▶ _Requirement_: Take from the entries below the stretch from the line with "Camponotus rapax" through the line with "都市：我，编造了p基金会 第十章 上百双眼球！", and return it exactly, leaving the pictures out.

▶ _Extracted records_:
::::::::::
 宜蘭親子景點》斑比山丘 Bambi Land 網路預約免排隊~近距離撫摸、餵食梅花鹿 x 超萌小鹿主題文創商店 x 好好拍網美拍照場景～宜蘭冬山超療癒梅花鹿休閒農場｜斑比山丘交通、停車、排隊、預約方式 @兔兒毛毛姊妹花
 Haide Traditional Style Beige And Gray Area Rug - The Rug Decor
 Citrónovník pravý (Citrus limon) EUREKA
::::::::::
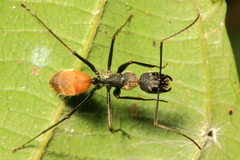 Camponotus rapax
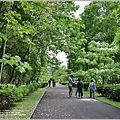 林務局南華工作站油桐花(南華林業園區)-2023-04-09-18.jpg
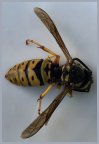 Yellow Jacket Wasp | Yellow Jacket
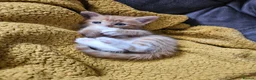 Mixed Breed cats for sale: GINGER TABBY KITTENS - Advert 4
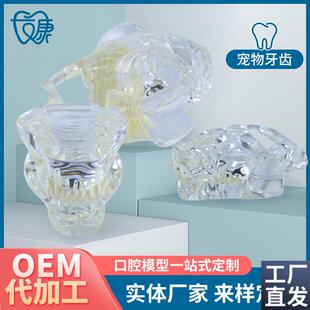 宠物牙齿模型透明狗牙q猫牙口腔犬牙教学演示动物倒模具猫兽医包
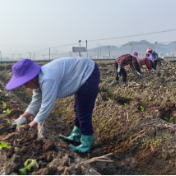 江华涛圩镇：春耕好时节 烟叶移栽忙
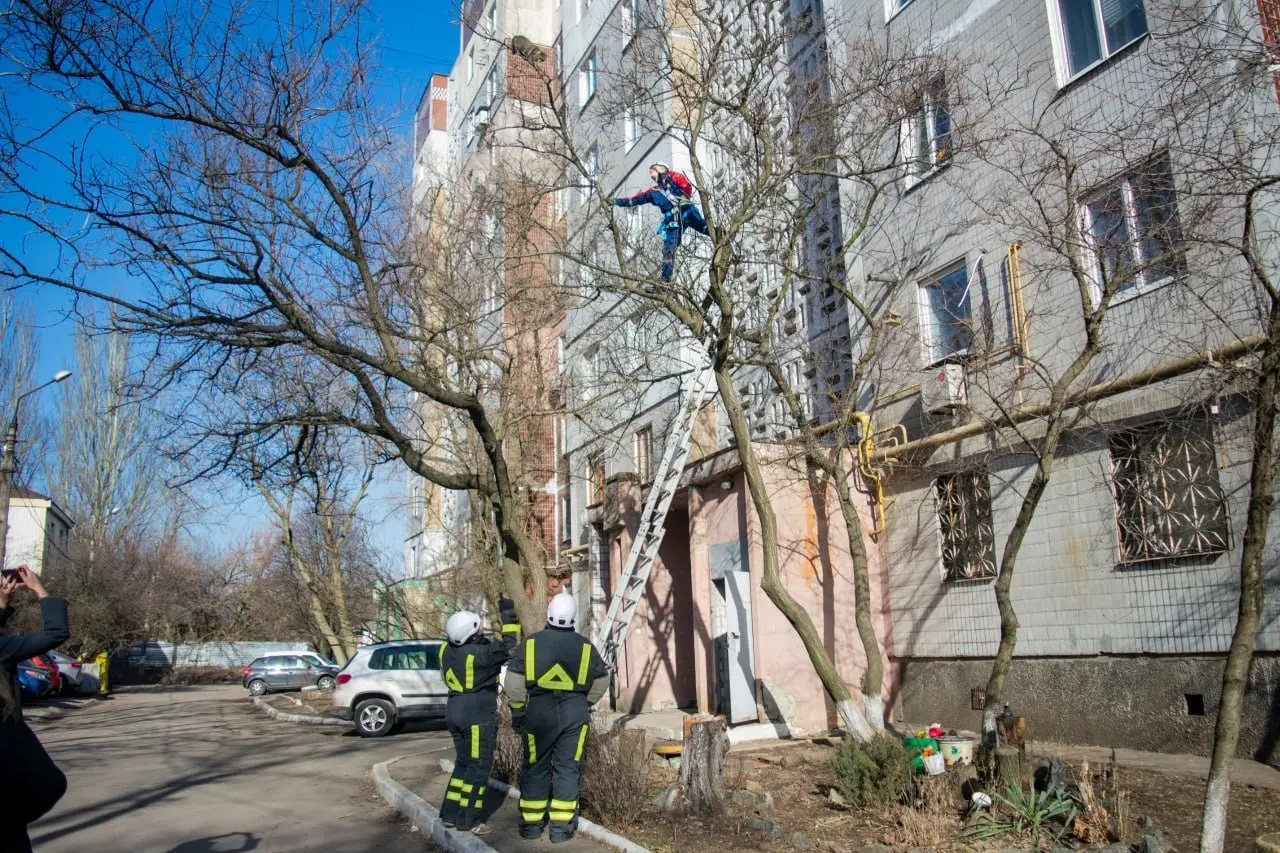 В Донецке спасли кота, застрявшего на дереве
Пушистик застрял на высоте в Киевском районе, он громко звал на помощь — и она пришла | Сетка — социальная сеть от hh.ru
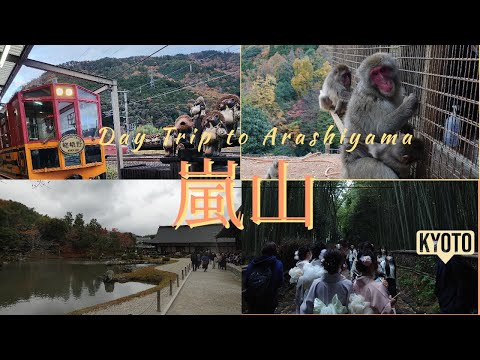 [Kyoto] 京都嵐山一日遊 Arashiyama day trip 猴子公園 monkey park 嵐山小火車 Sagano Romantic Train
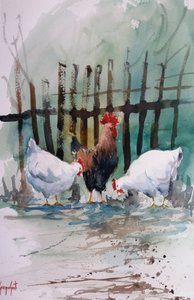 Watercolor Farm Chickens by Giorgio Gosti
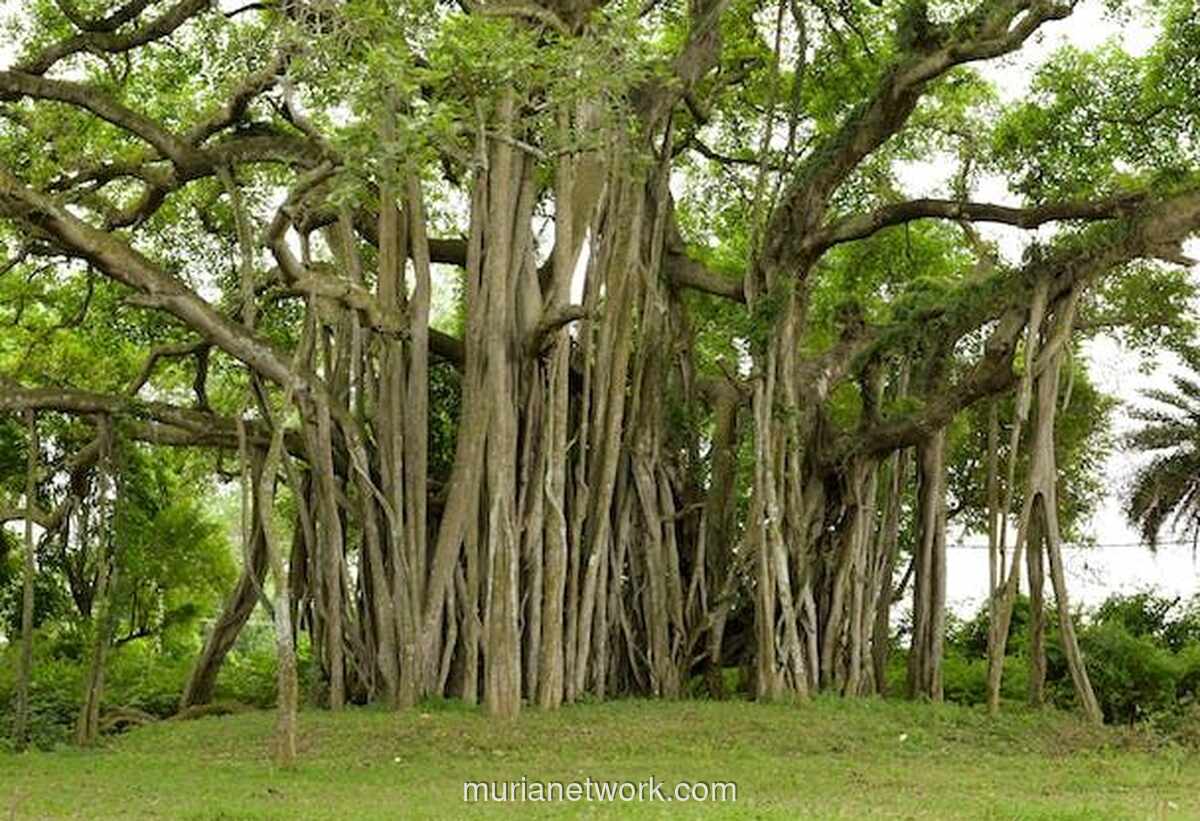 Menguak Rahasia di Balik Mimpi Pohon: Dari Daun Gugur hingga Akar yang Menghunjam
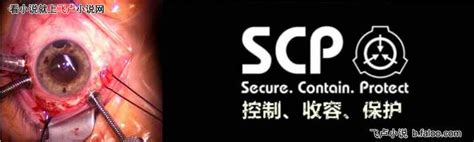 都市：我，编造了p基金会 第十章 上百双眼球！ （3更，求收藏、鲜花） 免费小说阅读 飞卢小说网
::::::::::
▶ _Response_:
 Camponotus rapax
 林務局南華工作站油桐花(南華林業園區)-2023-04-09-18.jpg
 Yellow Jacket Wasp | Yellow Jacket
 Mixed Breed cats for sale: GINGER TABBY KITTENS - Advert 4
 宠物牙齿模型透明狗牙q猫牙口腔犬牙教学演示动物倒模具猫兽医包
 江华涛圩镇：春耕好时节 烟叶移栽忙
 В Донецке спасли кота, застрявшего на дереве
Пушистик застрял на высоте в Киевском районе, он громко звал на помощь — и она пришла | Сетка — социальная сеть от hh.ru
 [Kyoto] 京都嵐山一日遊 Arashiyama day trip 猴子公園 monkey park 嵐山小火車 Sagano Romantic Train
 Watercolor Farm Chickens by Giorgio Gosti
 Menguak Rahasia di Balik Mimpi Pohon: Dari Daun Gugur hingga Akar yang Menghunjam
 都市：我，编造了p基金会 第十章 上百双眼球！ （3更，求收藏、鲜花） 免费小说阅读 飞卢小说网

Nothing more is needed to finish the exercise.